Italy avalanche: ‘Many missing’ in Rigopiano hotel in Abruzzo
Rescuers say up to 30 people are missing after a hotel in central Italy was hit by an avalanche, apparently triggered by an earthquake.
Rescuers battled overnight to reach the Rigopiano hotel, with the first of them arriving on skis. Snow dislodged by the avalanche had blocked the roads in.
One person has been pulled dead from the snow. Two have been found alive but most others appear to be still buried.
One official said there were “many dead” in the hotel.
The mountainous region of Central Italy was hit by a succession of four earthquakes on Wednesday and further tremors were reported overnight.

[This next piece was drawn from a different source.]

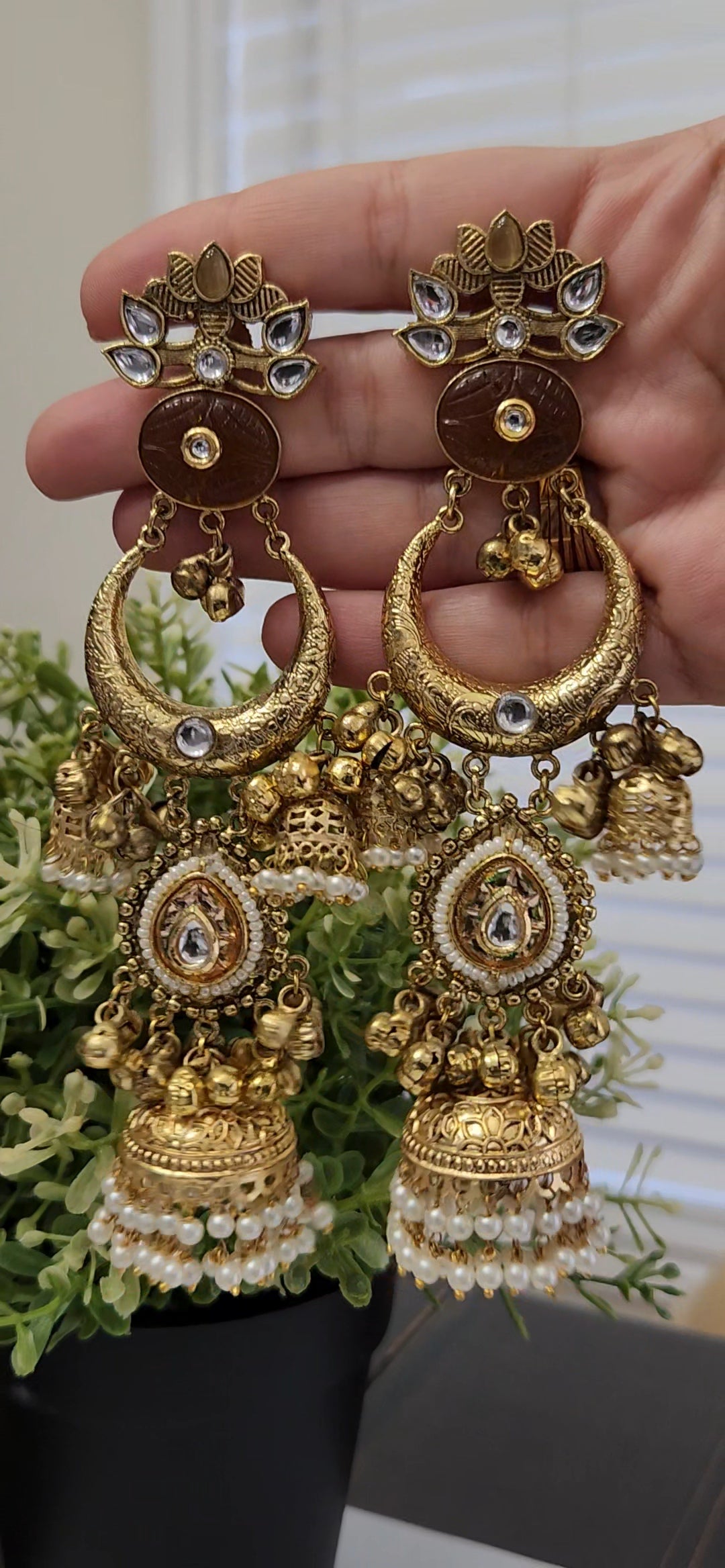 Pankhudi Jhumkas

The quakes have compounded problems resulting from recent storms, which have brought down power lines and cut off villages.
Rescue operations are under way in other parts of the region as well.
The roof on the four-star spa hotel, close to the Gran Sasso mountain in the Abruzzo region, partly collapsed on Wednesday night. Rescuers said at least 20 tourists and seven staff were inside at the time.
Crews had been calling out to survivors but there was no response.
Local residents in Farindola alerted emergency services.
The first victim, a man, was pulled out at about 09:30 (08:30 GMT) on Thursday, Corriere della Sera newspaper reported.
“There are many deaths,” Antonio Crocetta, the head of a mountain rescue team, was quoted as saying.
There were children among the guests, and media reports say children are among the dead.
Italian media reported that some guests at the hotel had been able to send text messages after they were trapped.
“Help, we’re dying of cold,” Ansa quoted one couple as saying.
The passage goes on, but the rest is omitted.